CN217360549U - Nano-imprinting base station capable of avoiding heating of ultraviolet radiation - Google Patents

Abstract

The utility model provides a nanometer impression base station of avoiding ultraviolet radiation to generate heat, includes that the base is fixed the unit, and the fixed unit of work mould exposes the unit, the unit of airing exhaust, five major part constitutions of casing. Air cooling is replaced by main water cooling, and air circulation is used for further heat dissipation and air replacement. The long-time ultraviolet irradiation is avoided, the ultraviolet lamp and the base station are caused to generate heat, so that the deformation of the imprinting material is avoided, the deformation of the nano structure is avoided, the imprinting precision of the nano imprinting equipment is improved, and the product yield is improved. Compared with air cooling and other modes, the water circulation cooling avoids the vibration of the base platform, and is beneficial to improving the precision of the nano-imprinting equipment. Meanwhile, the air circulation of the dust-free chamber is not influenced by water circulation cooling, and the improvement of cleanliness is facilitated, so that the product yield is improved.

Description

Nano-imprinting base station capable of avoiding heating of ultraviolet radiation

Technical Field

The utility model relates to a nanoimprint lithography technical field specifically is a nanoimprint lithography base station that avoids ultraviolet radiation to generate heat.

Background

The nanoimprint technology was first proposed by the professor Stephen Y Chou in 1995, and is a brand new pattern transfer technology different from the traditional lithography technology in the manufacturing process of a micro-nano device, wherein a photoresist is formed by sensitization without using light or irradiation, and a nano-sized pattern is directly constructed on a silicon substrate or other substrates by utilizing a physical mechanism. Due to the great prospect of the application of the nano-imprinting technology, the nano-imprinting technology is generally regarded by governments and scientists of various countries since being proposed, and the rapid development of the nano-imprinting technology has been caused in the last ten years, so that the nano-imprinting technology becomes one of the current hot research fields.

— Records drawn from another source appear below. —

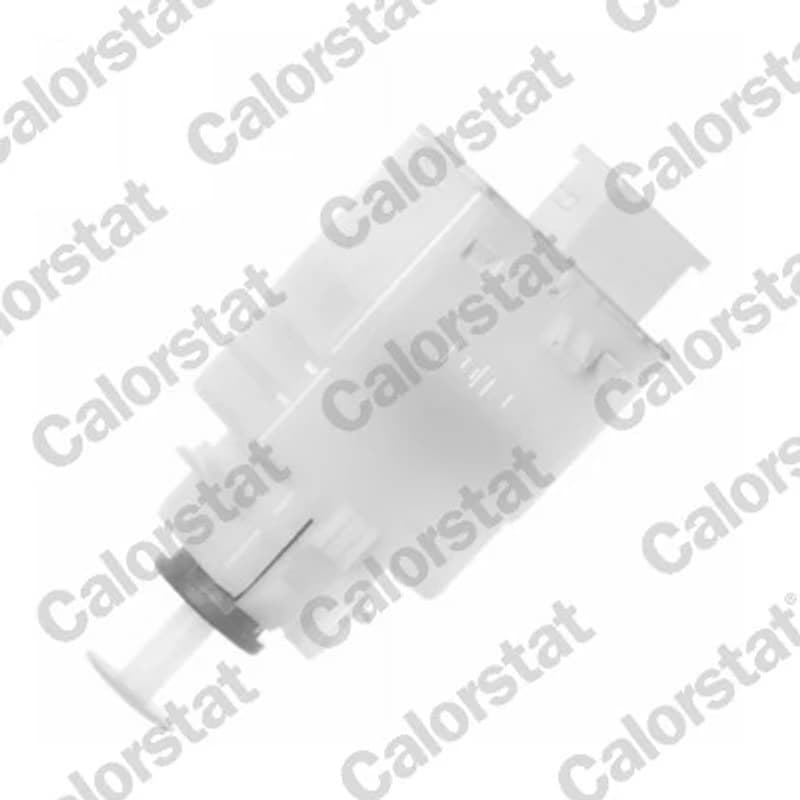 CALORSTATBYVERNET stabdžių žibinto jungiklis BS4546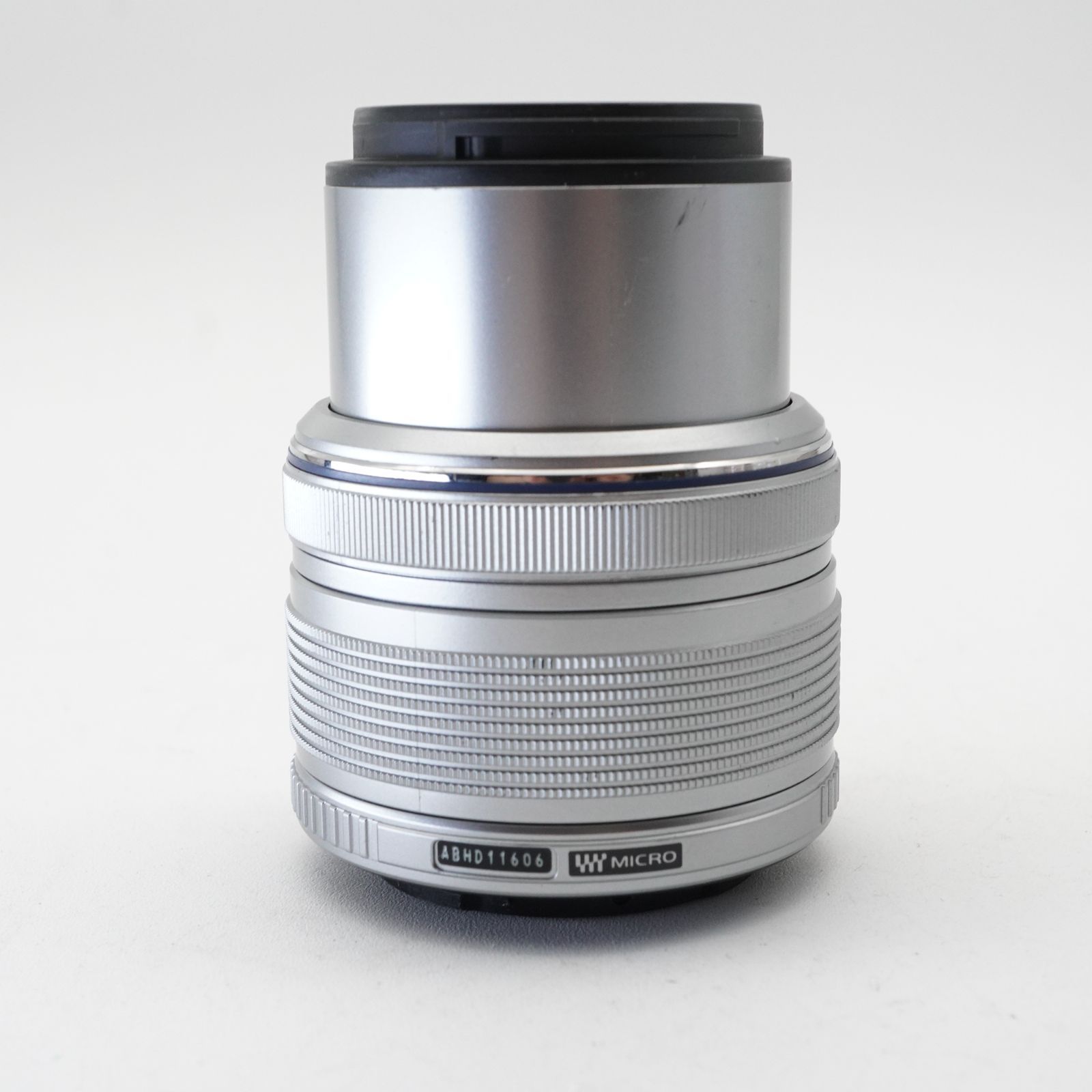美品 送料無料 即購入OK OLYMPUS オリンパス M.ZUIKO DIGITAL 14-42mm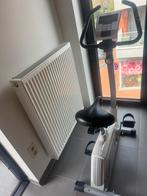 Hometrainer, Sport en Fitness, Fitnessapparatuur, Ophalen, Zo goed als nieuw, Hometrainer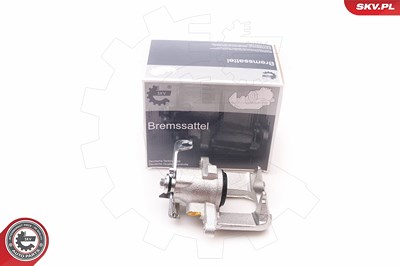 Esen Skv Bremssattel [Hersteller-Nr. 34SKV003] für Chrysler von ESEN SKV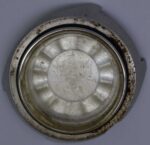 DSC_0082 - ONLINE Wristwatches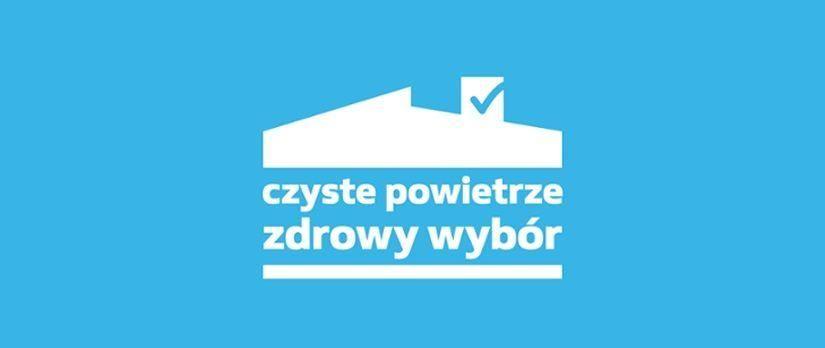 Nowa forma składania wniosków o płatność w PP Czyste Powietrze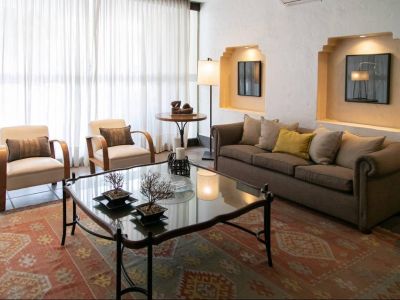 4-star Hotels Almería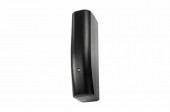 JBL CBT 70J-1-WH JBL CBT 70J-1-WH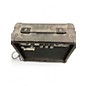 Used Glarry BASS AMP Bass Combo Amp
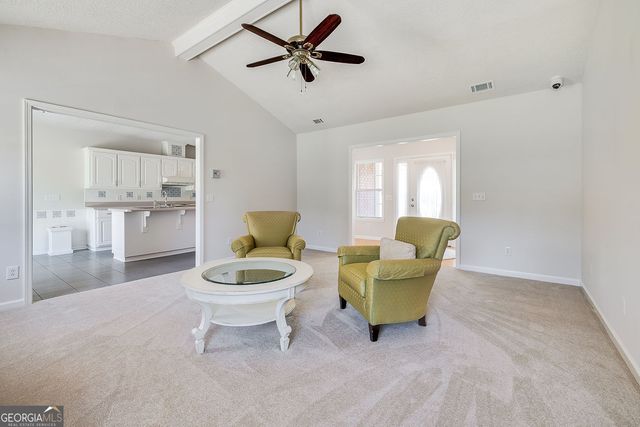 4822 GA HWY 15, Vidalia, GA 30474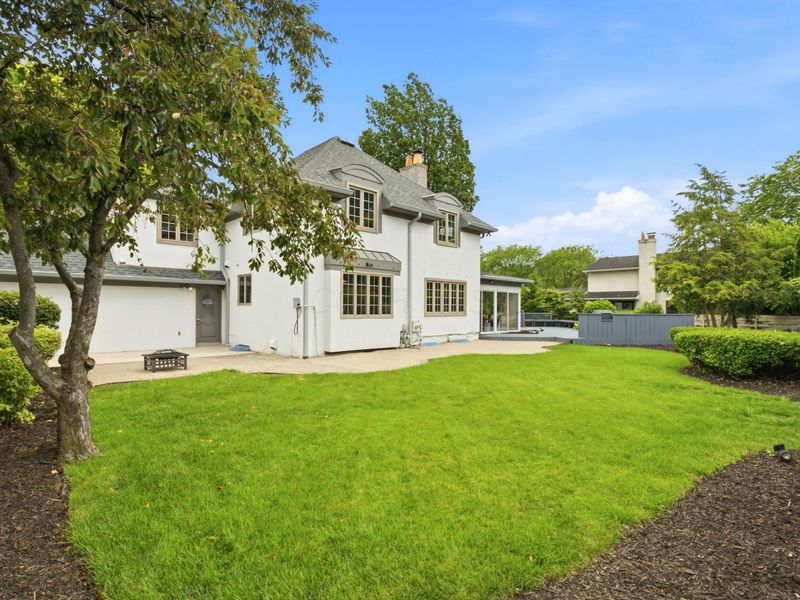 4171 Daventry Road, Columbus, OH 43220 Photo 58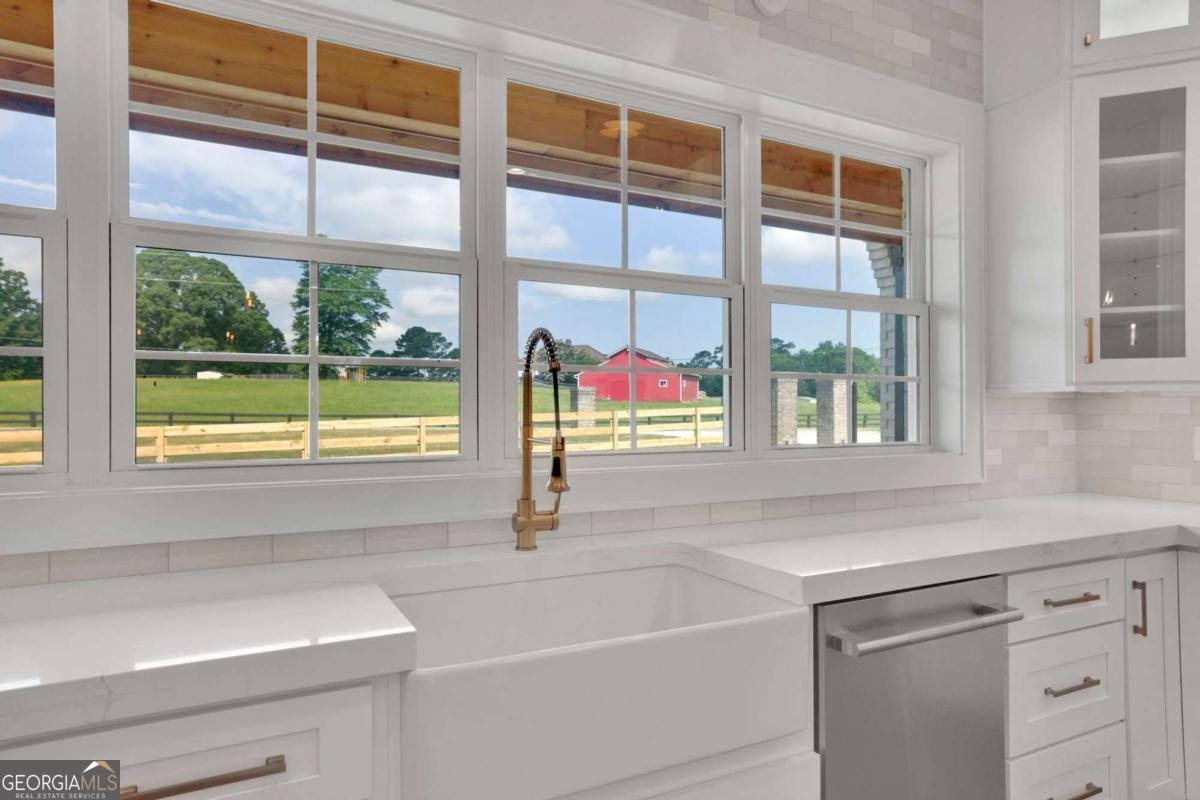 3903 INDIAN SHOALS Road Bethlehem - 80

The ultraviolet nano-imprint technology is an imprint lithography technology using ultraviolet cured macromolecules, which is proposed by m.bender and m.otto. The technical contents of ultraviolet nano-imprinting are as follows: firstly, coating ultraviolet photoresist on a substrate, placing the substrate under a mold with a nano microstructure pattern, applying mechanical force to the mold to imprint the ultraviolet photoresist, curing an imprinted region by ultraviolet light after imprinting is finished, and then demolding. Compared with the hot embossing technology which needs to be processed by high temperature, high pressure and cooling, the ultraviolet nano embossing has the advantage of working in the environment of room temperature and low pressure.

However, in the actual production process, the ultraviolet lamp and the imprinting base station are heated by long-time ultraviolet irradiation, and the ultraviolet curing nanoimprint material adsorbed on the base station is heated, so that the material is deformed, the accuracy of the nanostructure is reduced, and the yield of the product is reduced. In order to avoid the deformation of the imprinting material caused by the heating of ultraviolet radiation and improve the yield of products, the nano-imprinting base station capable of avoiding the heating of ultraviolet radiation is provided.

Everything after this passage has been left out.